Assignment
Would you reproduce the whole listing exactly, dropping any pictures it holds?

*** Opening Raw data ***

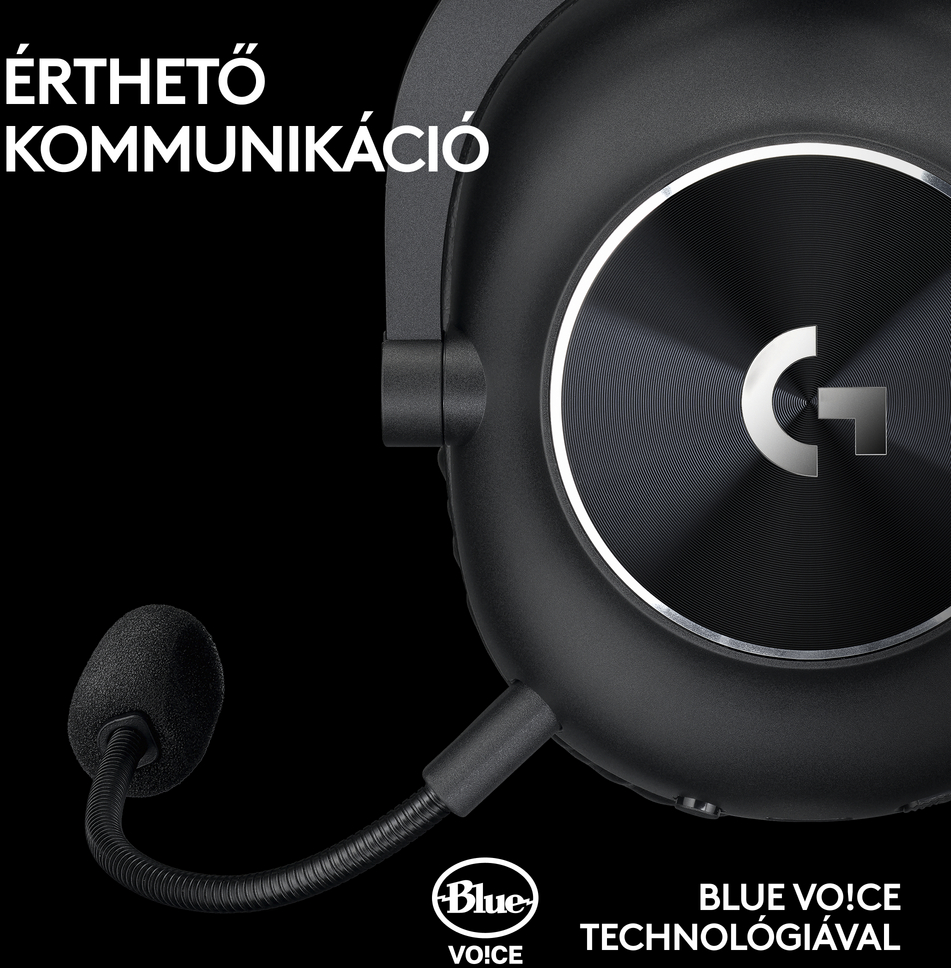Fekete headset mikrofonnal. Blue Voice technológia. Szöveg: Érthető kommunikáció.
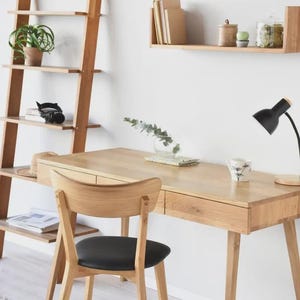 Handmade Writing Desk, Minimalist Wooden Office Desk with three Drawers, Study Desk, Solid Oak Writing Table, Small Wood Computer Desk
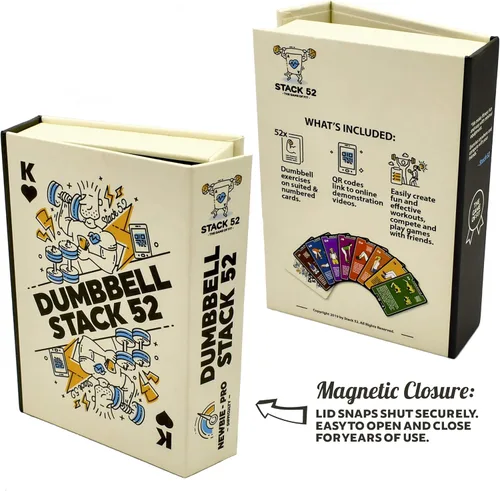 Miniatura 7 de Stack 52 Tarjetas de ejercicio con mancuernas. Juego de cartas de entrenamiento. Instrucciones en video incluidas. Perfecto para entrenamiento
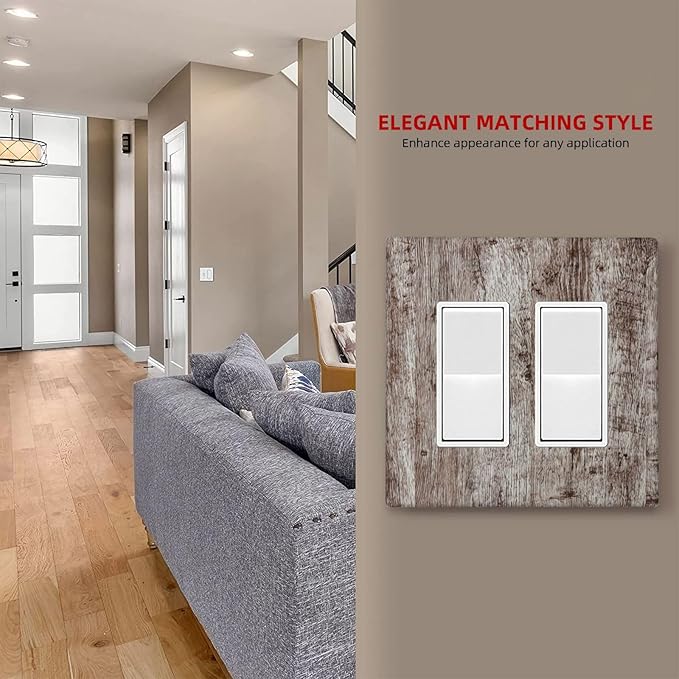 Decorative Outlet Covers Rustic Wood Grey Brown Vintage Wooden Plank 2 Gang Double Rocker Light Switch Cover Decorative Switch plates Electrical Wallplates GFCI Receptacle for Farmhouse Home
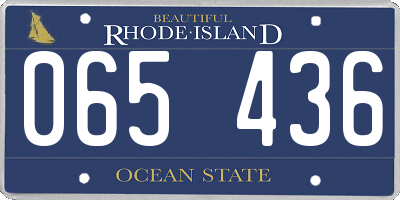 RI license plate 065436
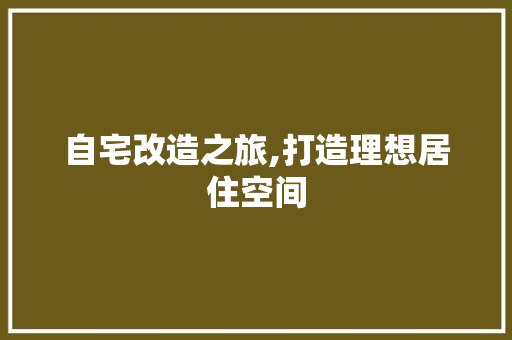 自宅改造之旅,打造理想居住空间 装修攻略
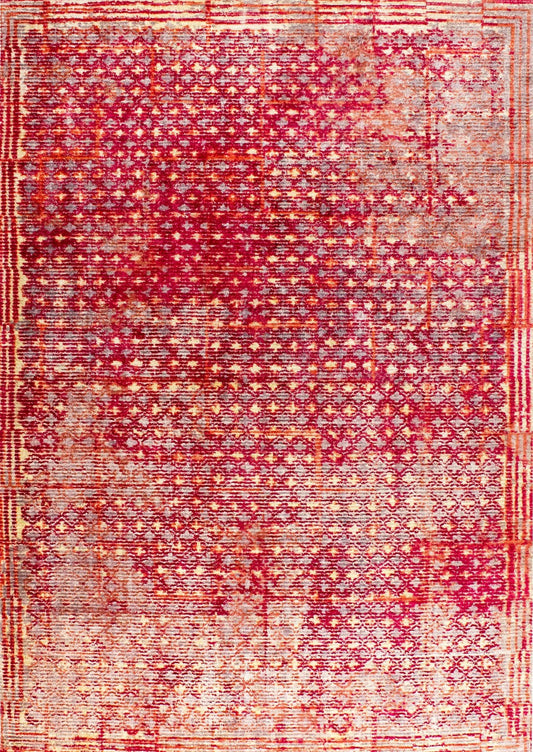 Contemporary Abstract Texture Border Shah Ferrara Red Area Rug Carpet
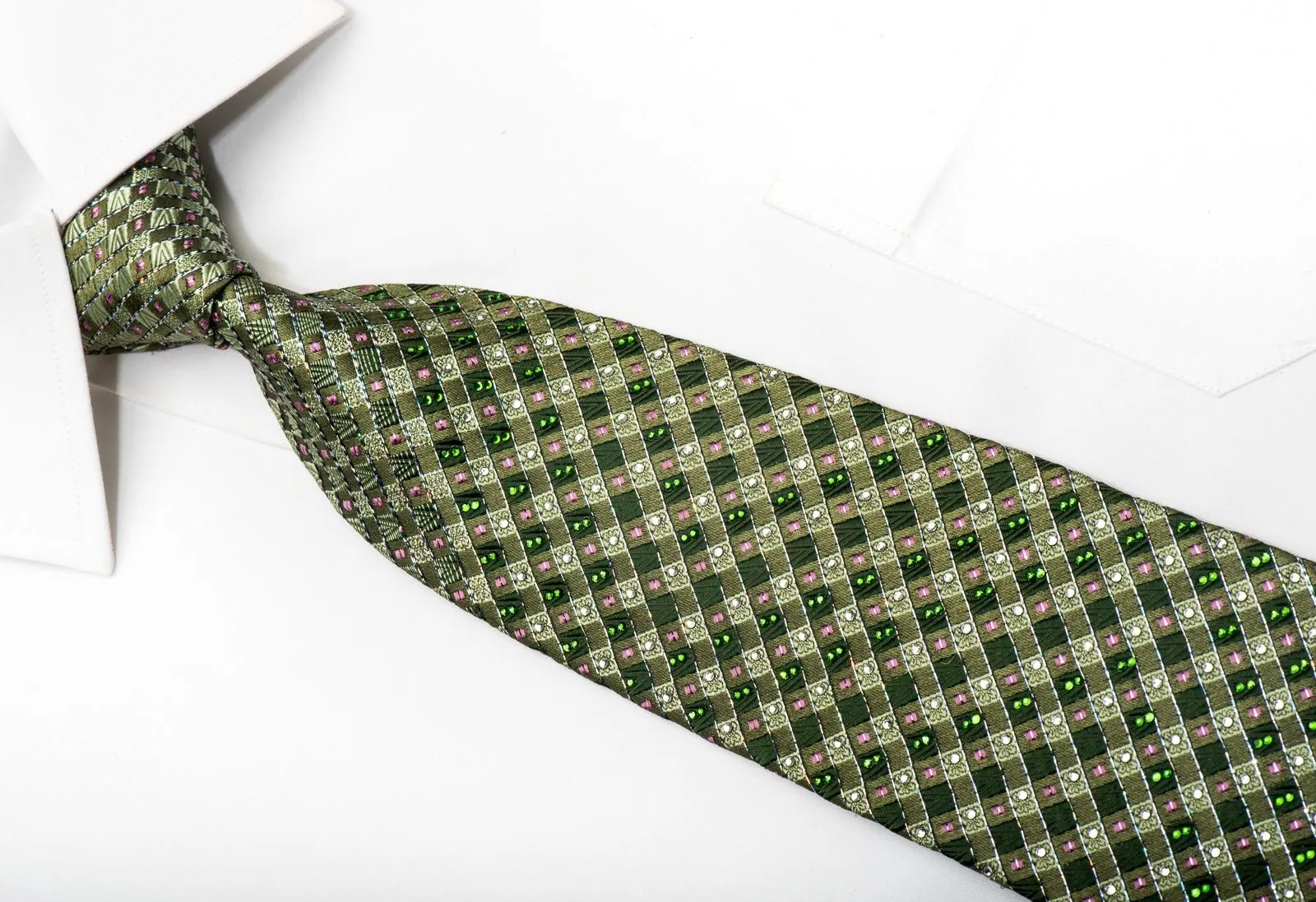 Elle Homme Men's Silk Tie Checkered On Green Sparkling With Rhinestones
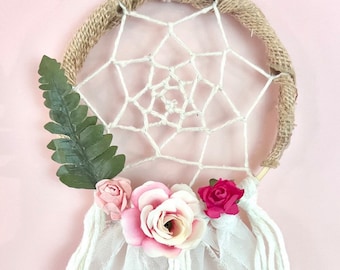 Floral Dreamcatcher/ Mini Dreamcatcher/ Nursery Decor/ Bridal Shower Gifts Dreamcatcher/ Bohemian Dreamcatcher/Pink Floral Dreamcatcher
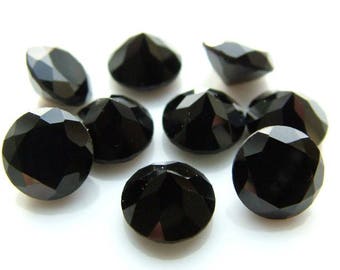 Black Spinel Faceted Round Gemstone ~ Various Sizes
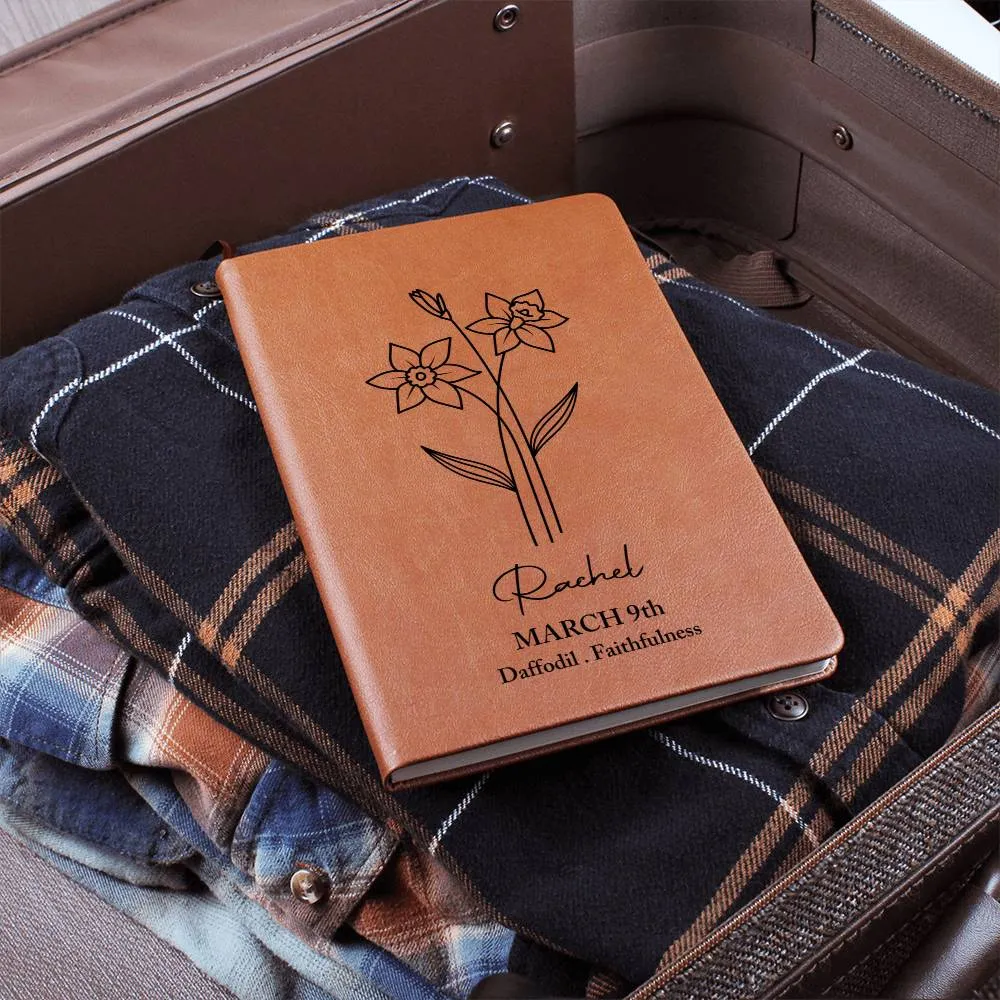 March Birth Flower Personalized Journal, Daffodil Birth Flower Custom Journal, Engraved Gratitude Journal, Prayer Journal, Christmas Gifts
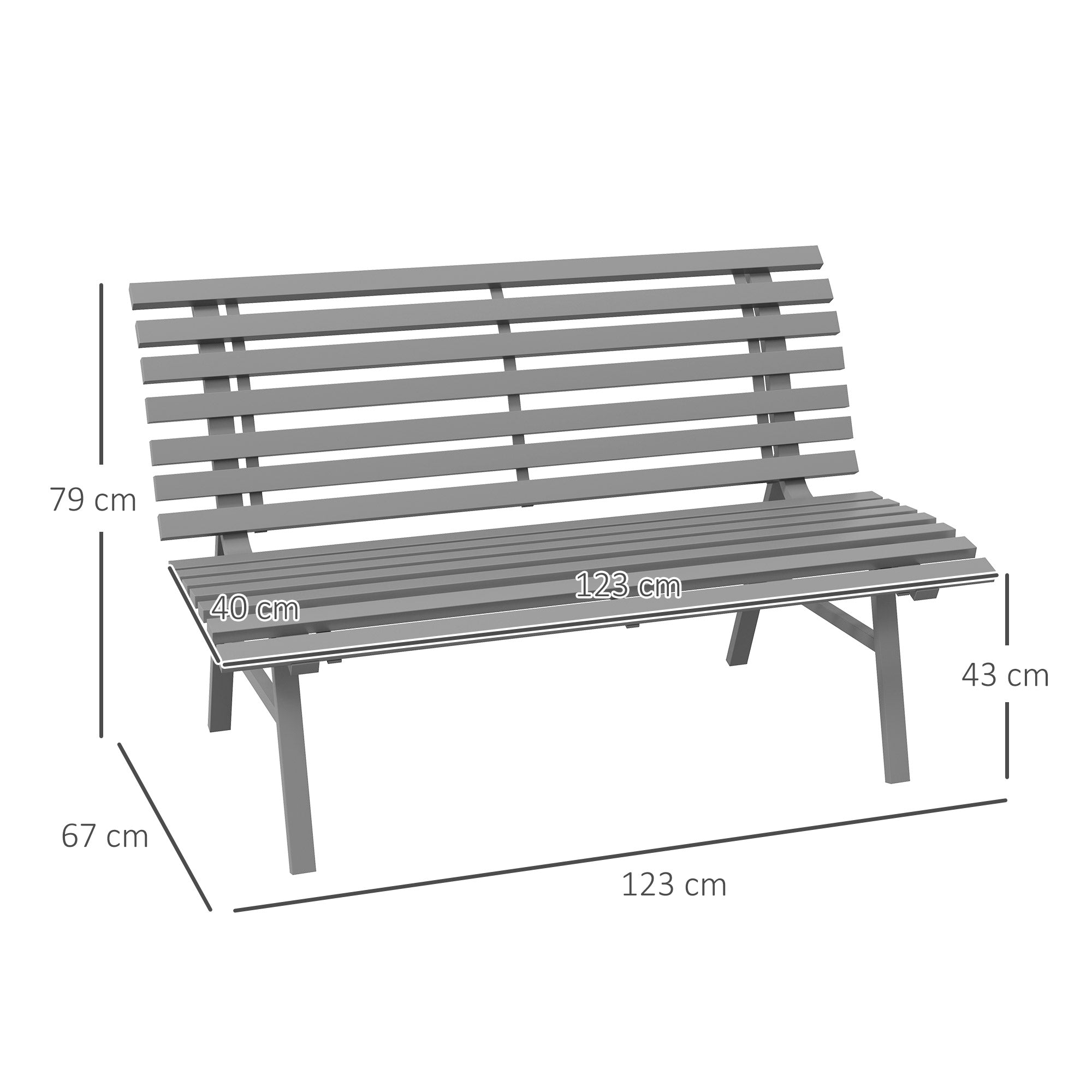 2-Seater Aluminum Garden Bench, Weatherproof Bench, UV-Resistant Garden Furniture with Louver Design, Park Bench 240kg Capacity, Balcony Bench for Balcony Terrace, Garden, 123x67x79cm, Gray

*** Closing Raw data ***

Solution to this exercise
Fekete headset mikrofonnal. Blue Voice technológia. Szöveg: Érthető kommunikáció.
 Handmade Writing Desk, Minimalist Wooden Office Desk with three Drawers, Study Desk, Solid Oak Writing Table, Small Wood Computer Desk
 Miniatura 7 de Stack 52 Tarjetas de ejercicio con mancuernas. Juego de cartas de entrenamiento. Instrucciones en video incluidas. Perfecto para entrenamiento
 Decorative Outlet Covers Rustic Wood Grey Brown Vintage Wooden Plank 2 Gang Double Rocker Light Switch Cover Decorative Switch plates Electrical Wallplates GFCI Receptacle for Farmhouse Home
 RI license plate 065436
 自宅改造之旅,打造理想居住空间 装修攻略
 Contemporary Abstract Texture Border Shah Ferrara Red Area Rug Carpet
 Elle Homme Men's Silk Tie Checkered On Green Sparkling With Rhinestones
 Floral Dreamcatcher/ Mini Dreamcatcher/ Nursery Decor/ Bridal Shower Gifts Dreamcatcher/ Bohemian Dreamcatcher/Pink Floral Dreamcatcher
 Black Spinel Faceted Round Gemstone ~ Various Sizes
 March Birth Flower Personalized Journal, Daffodil Birth Flower Custom Journal, Engraved Gratitude Journal, Prayer Journal, Christmas Gifts
 2-Seater Aluminum Garden Bench, Weatherproof Bench, UV-Resistant Garden Furniture with Louver Design, Park Bench 240kg Capacity, Balcony Bench for Balcony Terrace, Garden, 123x67x79cm, Gray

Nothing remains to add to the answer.